Quel est le résultat de ce développement du « tout routier » ?
Le fret ferroviaire de la SNCF connaît depuis plusieurs années des difficultés très sérieuses. Ainsi, sa part de marché a régulièrement baissé ; en trente ans, elle est passée de près de 50 % du volume des marchandises transportées à moins de 20 % aujourd'hui. Son chiffre d'affaires a subi une érosion moyenne de près de un pour cent par an au cours des quinze dernières années. Ces facteurs contribuent à dégrader fortement les résultats : depuis 2000, les pertes consolidées du fret s'élèvent à plus de un milliard d'euros. Le trafic a encore baissé de 2 % en volume cette année, pour atteindre 43, 3 milliards de tonnes/kilomètre.
Pourtant, d'importants investissements en sa faveur avaient été réalisés ou sont en cours de réalisation. Les collectivités locales y ont pris une grande part dans le cadre des contrats de plan Etat - régions 2000-2006, en décidant l'aménagement d'itinéraires dédiés.
Pour autant, le fret continuer de « plomber » les comptes de la SNCF, laquelle compense ces pertes par ses activités TGV et de transports publics de voyageurs - sauf le Corail -, ainsi que par la cession d'actifs. Cette compensation est de plus en plus difficile à opérer au sein de l'entreprise, comme l'a expliqué le président de la SNCF devant notre commission des affaires économiques, en raison notamment d'une directive européenne de 2001 qui prévoit la séparation de la comptabilité des activités de transport de voyageurs de celles du fret. Vous avez transposé cette directive par voie de décret, en mars 2003. Or c'est de cette séparation - parfois artificielle - des comptes que découlent à l'évidence les déficits - parfois artificiels, eux aussi, j'y reviendrai - du fret ainsi que les mesures de repli mises en oeuvre aujourd'hui en termes d'aménagement du territoire.
Faut-il ajouter que l'entreprise reste très endettée - plus de 8 milliards d'euros - et qu'elle a vu aussi ses charges alourdies de 60 millions d'euros par an, le Gouvernement ayant décidé une augmentation des redevances de péages dues à Réseau ferré de France, RFF, de 300 millions d'euros en cinq ans ?
Dans ce contexte, la SNCF, à votre demande, a élaboré et lancé en novembre 2003 le « plan fret » 2004 - 2006, qui a été présenté comme le plan de la dernière chance. Il a été confié à un nouveau directeur, avec lequel j'ai eu l'occasion de m'entretenir hier après-midi.

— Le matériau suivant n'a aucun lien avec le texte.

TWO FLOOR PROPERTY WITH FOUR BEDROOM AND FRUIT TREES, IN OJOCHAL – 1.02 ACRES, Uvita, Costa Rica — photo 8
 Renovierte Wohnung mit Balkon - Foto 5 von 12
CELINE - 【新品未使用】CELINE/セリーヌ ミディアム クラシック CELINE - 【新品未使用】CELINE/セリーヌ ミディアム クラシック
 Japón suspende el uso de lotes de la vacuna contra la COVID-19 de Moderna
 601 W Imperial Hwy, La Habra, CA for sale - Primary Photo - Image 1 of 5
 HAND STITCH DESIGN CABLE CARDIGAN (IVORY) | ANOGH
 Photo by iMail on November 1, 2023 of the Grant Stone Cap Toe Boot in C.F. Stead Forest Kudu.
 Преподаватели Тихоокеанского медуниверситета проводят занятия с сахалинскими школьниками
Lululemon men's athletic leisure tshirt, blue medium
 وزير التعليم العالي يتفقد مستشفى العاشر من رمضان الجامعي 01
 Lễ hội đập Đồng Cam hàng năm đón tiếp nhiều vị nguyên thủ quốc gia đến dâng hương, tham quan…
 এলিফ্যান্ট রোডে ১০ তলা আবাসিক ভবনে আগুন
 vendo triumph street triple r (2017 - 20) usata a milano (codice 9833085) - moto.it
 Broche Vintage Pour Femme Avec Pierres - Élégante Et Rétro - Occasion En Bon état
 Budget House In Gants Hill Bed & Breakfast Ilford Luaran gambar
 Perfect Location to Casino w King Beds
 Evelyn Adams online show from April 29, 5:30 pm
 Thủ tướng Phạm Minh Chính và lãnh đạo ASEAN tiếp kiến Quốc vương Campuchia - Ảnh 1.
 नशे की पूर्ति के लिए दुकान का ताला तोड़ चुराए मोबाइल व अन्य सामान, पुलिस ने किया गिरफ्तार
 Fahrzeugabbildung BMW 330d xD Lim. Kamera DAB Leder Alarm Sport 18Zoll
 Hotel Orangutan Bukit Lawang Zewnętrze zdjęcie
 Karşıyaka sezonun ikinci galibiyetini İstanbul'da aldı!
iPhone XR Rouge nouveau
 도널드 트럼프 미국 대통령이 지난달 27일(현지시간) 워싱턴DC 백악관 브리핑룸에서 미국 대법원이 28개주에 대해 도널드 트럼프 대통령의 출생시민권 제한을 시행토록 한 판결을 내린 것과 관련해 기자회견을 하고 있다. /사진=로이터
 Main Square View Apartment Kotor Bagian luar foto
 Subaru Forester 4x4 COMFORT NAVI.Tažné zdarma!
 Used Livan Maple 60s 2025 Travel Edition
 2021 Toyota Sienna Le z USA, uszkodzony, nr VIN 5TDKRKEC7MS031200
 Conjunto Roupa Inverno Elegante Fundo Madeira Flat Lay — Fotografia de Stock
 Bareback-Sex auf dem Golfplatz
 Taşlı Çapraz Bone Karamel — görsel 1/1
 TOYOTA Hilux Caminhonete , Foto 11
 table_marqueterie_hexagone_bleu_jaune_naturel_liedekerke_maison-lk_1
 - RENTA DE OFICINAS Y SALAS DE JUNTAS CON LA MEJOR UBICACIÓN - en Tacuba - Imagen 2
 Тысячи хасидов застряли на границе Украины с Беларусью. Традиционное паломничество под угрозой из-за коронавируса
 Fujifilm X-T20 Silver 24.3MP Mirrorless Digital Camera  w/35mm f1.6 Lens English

Le maître mot de ce plan est le suivant : recentrer l'activité de fret de la SNCF sur des flux massifs, directs, à distance moyenne ou longue, et prévisibles quantitativement. Il s'agit de gagner 10 milliards de tonnes/kilomètre d'ici à 2006, objectif de nouveau confirmé après un an d'exercice de ce plan.
Pour atteindre cet objectif, la SNCF cherche essentiellement à accroître sa productivité par l'amélioration du taux de rotation des wagons, la concentration du trafic sur quelques grands axes nationaux, le renouvellement du matériel et, surtout, l'abandon de trafics non rentables.
Le plan prévoit également une augmentation conséquente des tarifs.
Force est de constater que ce plan s'apparente plus à un exercice d'assainissement comptable ayant pour objectif réel l'équilibre financier en 2006 ; c'est une politique qui privilégie clairement la marge par rapport aux volumes. La SNCF table sur la conquête de nouveaux trafics après un retour à la rentabilité dès 2007.
Mais comment peut-elle espérer, après 2006, dans un environnement concurrentiel, une croissance de l'activité fret SNCF de 3 % par an - c'est ce qui est annoncé - après avoir fermé des gares, supprimé entre 6 000 et 8 000 postes de cheminots et définitivement convaincu certains de ses clients d'utiliser la route ?
L'Etat actionnaire joue ici un rôle majeur ; ayant approuvé le « plan fret », il prévoit de le soutenir directement à hauteur de 800 millions d'euros en trois ans, auxquels s'ajouteraient encore 700 millions d'euros apportés par la SNCF ; ces aides - nous en reparlerons - sont subordonnées à un accord de Bruxelles.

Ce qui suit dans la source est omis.